Wollen wir Soldaten in den Straßen?
Gazet van Antwerpen hält das für keine gute Idee. Die beiden N-VA-Minister wollen da offensichtlich nur ein Steckenpferd ihres Parteichefs Bart De Wever in die Praxis umsetzen. Nur hat De Wever selbst schon Argumente geliefert, die gegen eine solche Maßnahme sprechen. Als im vergangenen Jahr Schausteller gegen die Verlegung ihres Kirmesplatzes in Antwerpen protestierten, drohte Bürgermeister De Wever damit, die Armee einzusetzen. Genau das kann es aber nicht sein. Wenn überhaupt, dann müssen die Bedingungen klar definiert werden, wann die Streitkräfte eingesetzt werden dürfen. Amerikanische Verhältnisse, wo bei Kinkerlitzchen gleich Panzer eingesetzt werden, das kann doch keiner wollen.
Het Belang van Limburg sieht das ähnlich. Seien wir doch mal ehrlich: In Paris haben auch die Soldaten im Straßenbild leider die Anschläge nicht verhindern können. Hier geht es wohl mehr um den Symbolcharakter. Genau der kann aber auch eine gegenteilige Wirkung haben: Soldaten im Öffentlichen Raum flößen den Menschen Angst ein. Wir erinnern uns an die 1980er Jahre und die Psychose um die Killer von Brabant und die CCC. Die massive Polizeipräsenz hat damals nur dazu geführt, dass sich das Klima der Angst noch verstärkte.
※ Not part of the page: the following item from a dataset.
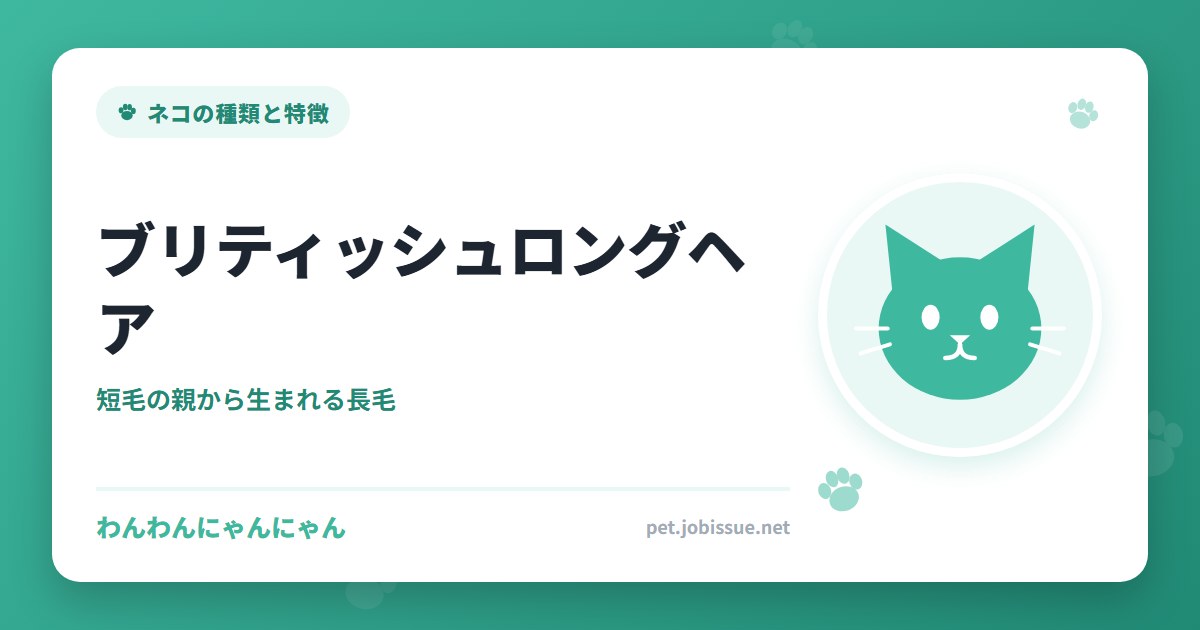 ブリティッシュロングヘア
A Propos Klima der Angst: "Polizeibeamte wollen Waffen mit nach Hause nehmen", titelt Het Nieuwsblad. Das ist eine Reaktion auf die jüngste Drohung der Terrororganisation IS. Die hatte ja ihre Mitglieder aufgerufen, französische Polizisten anzugreifen. Diese Drohung gilt möglicherweise auch für belgische Beamte. Der belgische Anti-Terrorstab jedenfalls hat Polizisten und ihre Familien zur Vorsicht aufgerufen.
Het Laatste Nieuws bringt auf Seite eins noch eine andere Konsequenz aus der Terrordrohung: "In kugelsicherer Weste und nicht mehr alleine auf Patrouille", so die Schlagzeile.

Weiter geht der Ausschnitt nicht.